Prediction: text_page
Probabilities: tensor([0.0087, 0.9913])

The result for the second image is correct, whereas for the first it is wrong. Again from the text with big image type.

When we look at the pictures, we see that the text page picture has an image with text. It could be that the CNN learned these patterns and interpreted the image as text.

4.2 Pytorch

To use model in pytorch only we need to convert it to torchscript.

model = learn_inf.model
model.eval()


example_input = torch.randn(1, 3, 320, 320)  # batch, channels, H, W
traced = torch.jit.trace(model, example_input)
traced.save("data/models/page_classifier.pt")

We will later use the following code in the app

import torch
model = torch.jit.load("data/models/page_classifier.pt")
model.eval();

from torchvision import transforms
tfm = transforms.Compose([
    transforms.Resize(320, interpolation=transforms.InterpolationMode.BILINEAR),
    transforms.CenterCrop(320),
    transforms.ToTensor(),
    transforms.Normalize(mean=[0.485, 0.456, 0.406],
                         std=[0.229, 0.224, 0.225])
])

labels = ["image_page", "text_page"]
def predict_image(path):
    img = Image.open(path).convert("RGB")
    x = tfm(img).unsqueeze(0)  # add batch dim
    with torch.no_grad():
        out = model(x)
        probs = torch.softmax(out, dim=1)[0]
        pred_idx = probs.argmax().item()
        return labels[pred_idx], probs.tolist()

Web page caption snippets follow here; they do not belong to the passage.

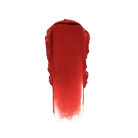 Charlotte Tilbury New Year Lipstick Matte Revolution - Kiss Of Fortune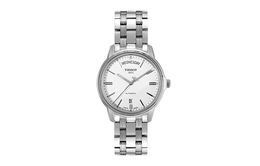 Мужские часы Constant Intent Collection Tissot t065.930.11.031.00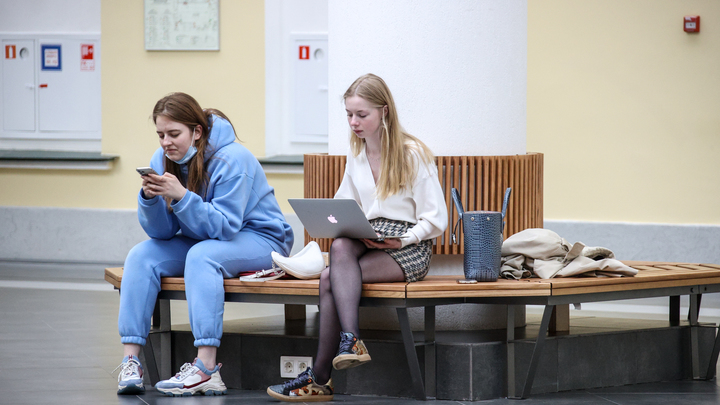 Мелитопольский государственный университет ждет абитуриентов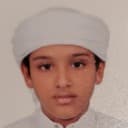 Ahmad Andeez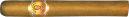 Bolivar Petit Coronas Bolivar Petit Coronas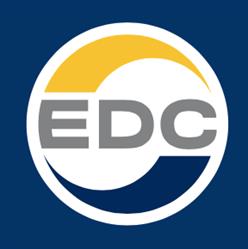 EDC Bøgvald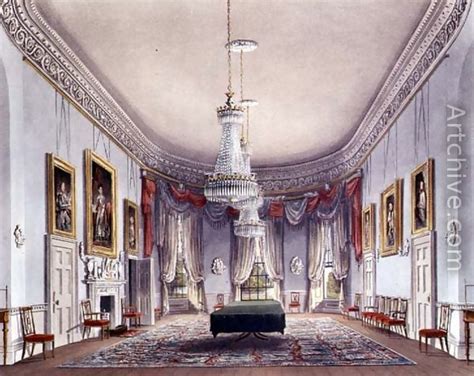 Pin By Henry Wiggins Powell Jr On Interior Spaces Frogmore House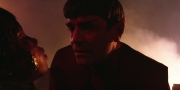 extant_StarTrekDiscovery_1x02-BattleAtTheBinaryStars_1469.jpg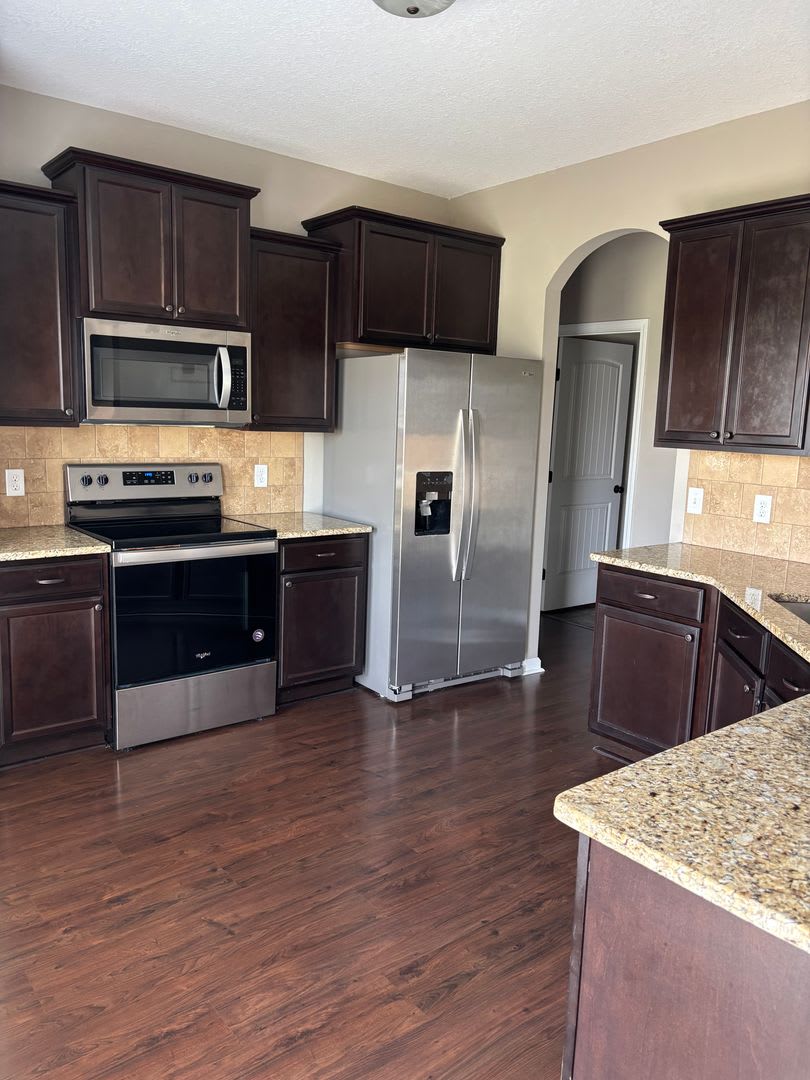 FOR RENT – photo 4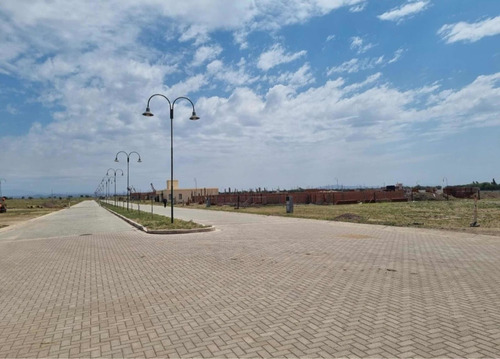 Imagen 3 de 8 de Vendo O Permuto Terreno En Barrio Privado Por Camioneta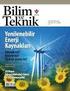 Popüler Bilim Dergisi, sayı 145, syf. 34 (2006) 29 Mart Tam Güneş Tutulması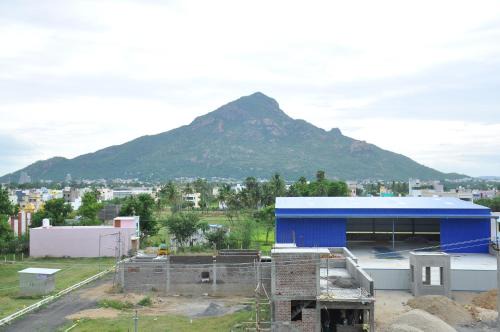 Raja Home stay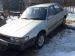 Mazda 626 1.8 MT (90 л.с.) 1990 з пробігом 50 тис.км.  л. в Одессе на Auto24.org – фото 1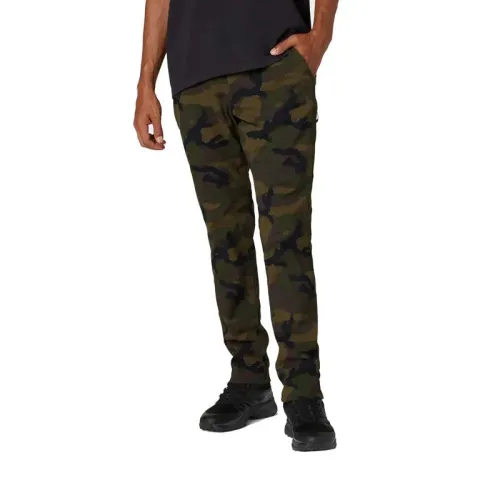 686 Everywhere merino slim 바지 8141120255
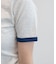 【RUSSELL】リンガースポーツアソートTシャツ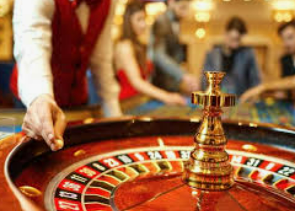 196体育经典版最新版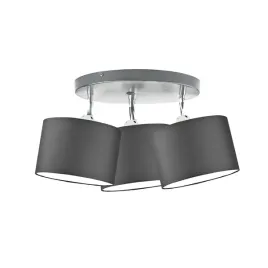 lampa-sufitowa-plafon-p3-abazur-modna-led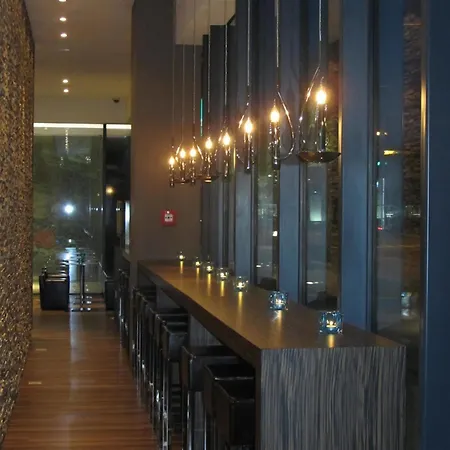 One Salzburg-sued 3*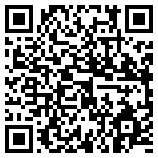 QR Code for TooJay's Gourmet Deli in Boca Raton, FL 33434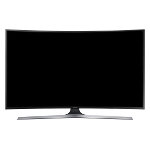 Fernseher Datenblatt Samsung UE40JU6740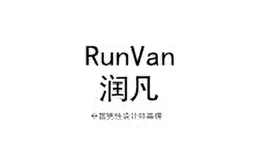 潤凡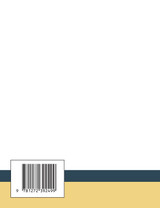 Kleine Laubholzkunde...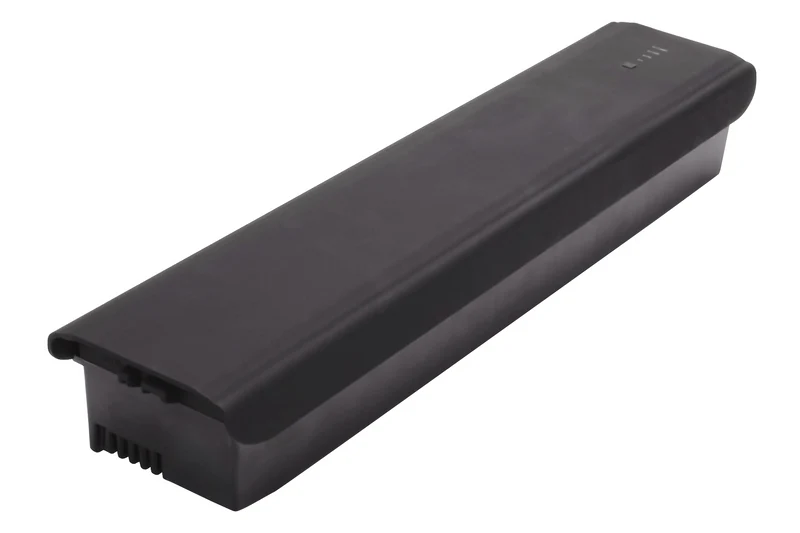 36V 22Ah Berria Bravo Hybrid HP 6, XT, Elite & Elite NX E-Bike Akku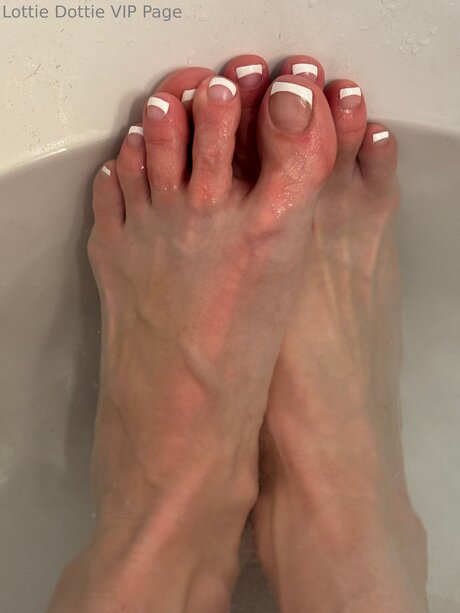 sex milf onlyfans hot xxx image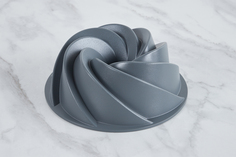 Форма для выпечки Bristol Walmer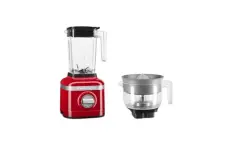 Kitchenaid Blender 2 en1   5KSB1350EER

predict_image("pictures/inf_1.jpg")

('image_page', [0.8300915360450745, 0.16990840435028076])

%%time
predict_image("pictures/inf_2.jpg")

CPU times: user 315 ms, sys: 22.1 ms, total: 337 ms
Wall time: 163 ms

('text_page', [0.030374446883797646, 0.9696255922317505])

The results are very similar 83% vs 80% for the wrong classification. We will accept the small deviations from fast.ai for now.

5 Outlook

We have 160ms runtime for one image at 97.5% accuracy to detect if it is an image. This score could increase if we increase the dataset size and add more layouts.

A completely different approach could also work. In the next notebook, I will be working with YOLO-doclayout. a fast detector that detects the occurrence of text or image blocks on a page. If there are no text boxes, then there is no text.